Your objective:
The answer is the exact run of lines in the listing below from the line containing "Anybus-SP2980-Communicator-PROFIBUS-to-Modbus-RTU-Serial-1" up to and including the line containing "Toshinori Yagi", with pictures removed.

──────── Data records

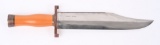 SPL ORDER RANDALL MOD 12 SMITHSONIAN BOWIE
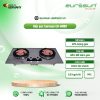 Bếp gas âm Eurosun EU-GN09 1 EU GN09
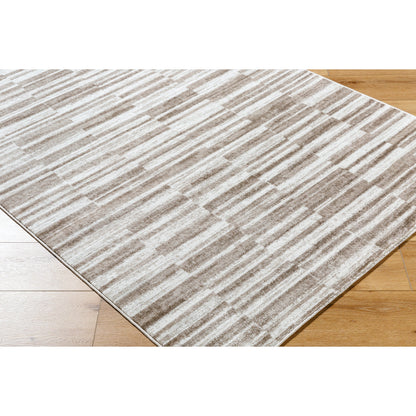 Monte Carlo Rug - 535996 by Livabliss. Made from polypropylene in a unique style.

────────────────
──────── Data records

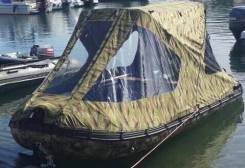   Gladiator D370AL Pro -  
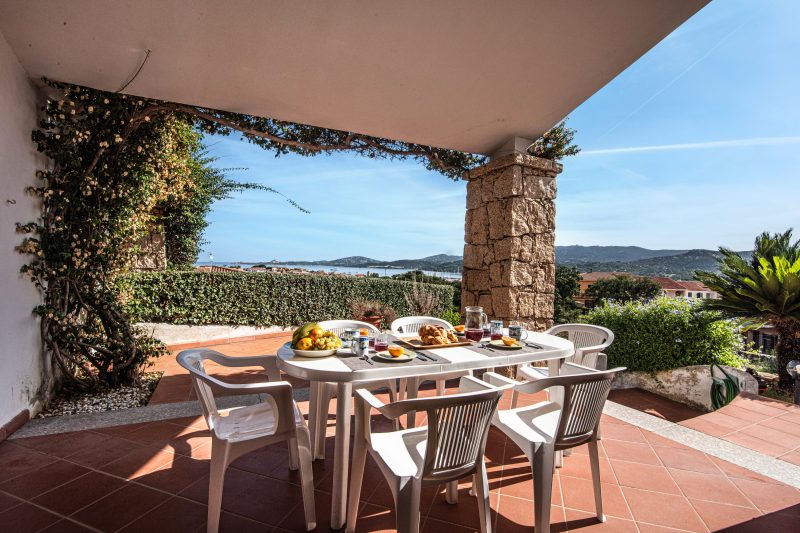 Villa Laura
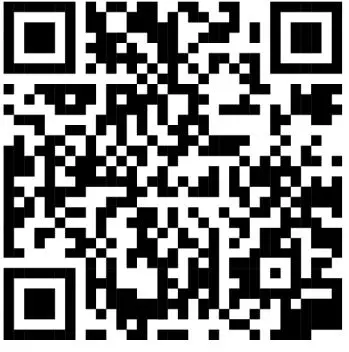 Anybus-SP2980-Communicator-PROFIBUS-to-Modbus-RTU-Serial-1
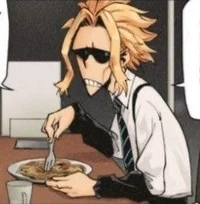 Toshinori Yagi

────────────────

Solution to the problem:
 Anybus-SP2980-Communicator-PROFIBUS-to-Modbus-RTU-Serial-1
 Toshinori Yagi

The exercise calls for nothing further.